Rifan Aditya , Hernawan

Rabu, 14 April 2021 | 12:22 WIB
Luhut Sebut OTT KPK Tak Buat Koruptor Jera, Rocky: Istana Bisa Disalahkan
Rocky Gerung (Suara.com/Achmad Ali)

Suara.com - Pengamat politik Rocky Gerung menyoroti pernyataan Menteri Koordinator Bidang Kemaritiman dan Investasi Luhut Binsar Panjaitan yang menyebut OTT KPK tidak membuat jera para koruptor.

Rocky Gerung mengklaim semua bermula ketika KPK mulai dilemahkan. Oleh sebab itu menurutnya pihak istana bisa disalahkan.

Pernyataan itu disampaikan Rocky Gerung dalam video berjudul "MENKO LUHUT MINTA MAAF. KPK MAKIN TIDAK BERDAYA" yang disiarkan melalui saluran YouTube miliknya, Rabu (14/4/2021).

Rocky Gerung memulai komentarnya dengan menganalogikan Luhut dengan sopir truk yang meminta maaf karena gas buang mengaburkan pandangan kendaraan lain di belakang.

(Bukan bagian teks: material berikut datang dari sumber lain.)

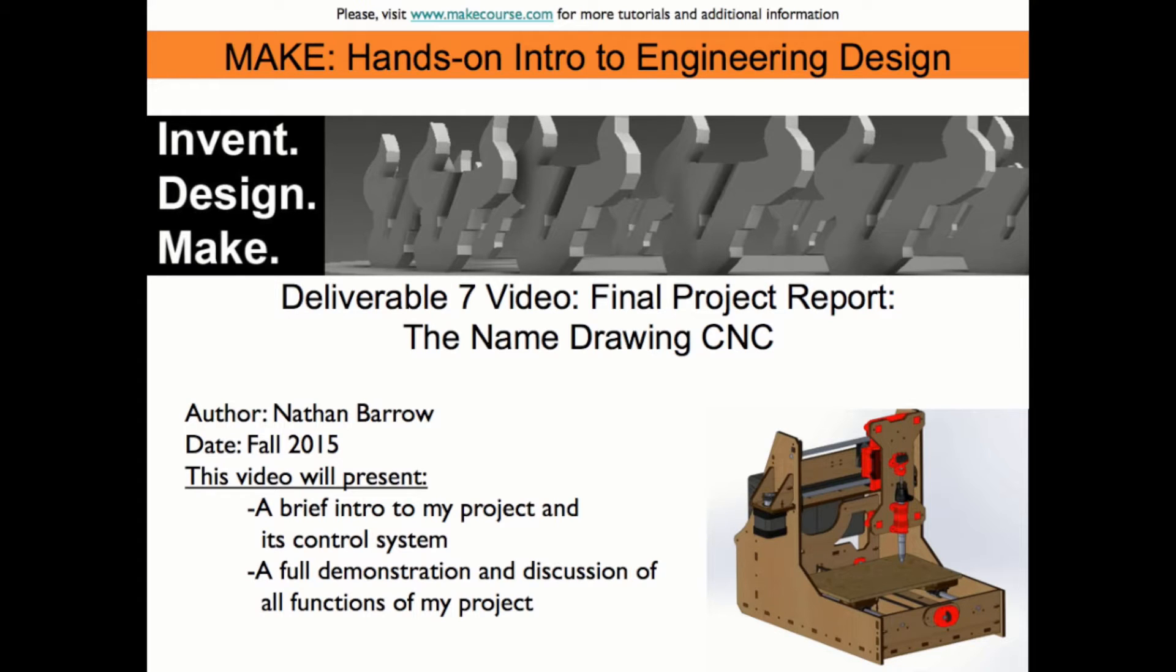Hello, my name is Nathan Barrow, and I'm a mechanical engineering student at the University of South Florida, and this is my make project.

Perlu diketahui, Luhut mengaku meminta maaf bicara terbuka bahwa OTT tidak membuahkan hasil sebagaimana diharapkan. Oleh sebab itu, dia minta kinerja KPK terus ditingkatkan.

Rocky Gerung soal Luhut sebut OTT KPK tak buat koruptor jera (YouTube).
Rocky Gerung soal Luhut sebut OTT KPK tak buat koruptor jera (YouTube).

Rocky Gerung juga menganalogikan KPK dengan truk yang tak pernah di-kir tetapi dipaksa berjalan sehingga kehilangan tenaga. Oleh sebab itu, dia mengaku bisa paham betapa kecewanya Luhut.

"Akhirnya orang masuk satu gejala umum kepercayaan terhadap lembaga-lembaga ini hilang. Itu yang kita hitung dari awal karena semua orang masuk nyari peluang," kata Rocky Gerung seperti dikutip Suara.com.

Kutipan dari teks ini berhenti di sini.